In worship, we offer to God not only honor and reverence for his excellence, but also a due subjection. This understanding of worship likely seems abhorrent to our deeply democratic sensibilities. But to offer due subjection is not to speak of God as if he desires courtiers to ply him with flattery. God has no need of our praise. As one of the prefaces to the Eucharistic prayers reminds us, “For, although you have no need of our praise, yet our thanksgiving is itself your gift…” Our praise adds nothing to God. While it does redound to his glory, its effect is primarily directed toward us. How is that, you might ask?

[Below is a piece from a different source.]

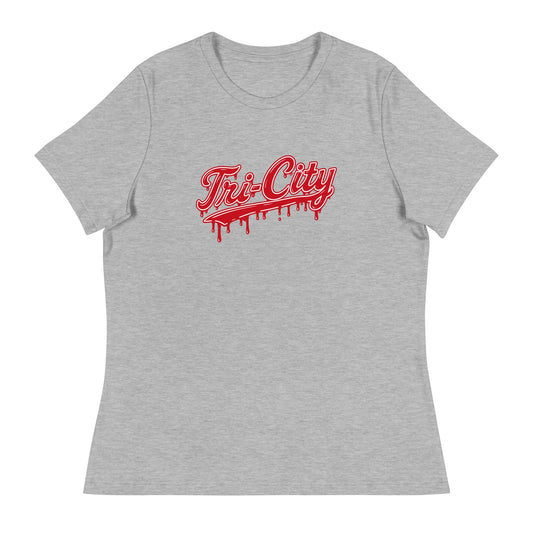 Performance | Women's Relaxed T Shirt | Tri - City Baseball | Mark Logo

The key lies hidden in the freedom born of subjection. By offering ourselves as a sacrifice to God in recognition of our nature as creatures, we offer right worship (this is one meaning of the word “orthodoxy”) and, in doing so, enshrine in our souls, by the grace of God, the proper order of creation. Offering right worship reverses the trajectory of the Fall. In Eden, Adam and Eve chose to rebel against the order of due subjection. By choosing to enjoy the good on their own terms and by their own lights, they lost the threefold order of original justice: their minds were despoiled and wounded, no longer subject to God; their lower powers (e.g., their appetites) were no longer subject to their higher powers; and their bodies were no longer subject to their souls. The result was the turmoil of original sin with which we are all familiar, a doctrine G. K. Chesterton wittily claimed was nigh unto self-evident.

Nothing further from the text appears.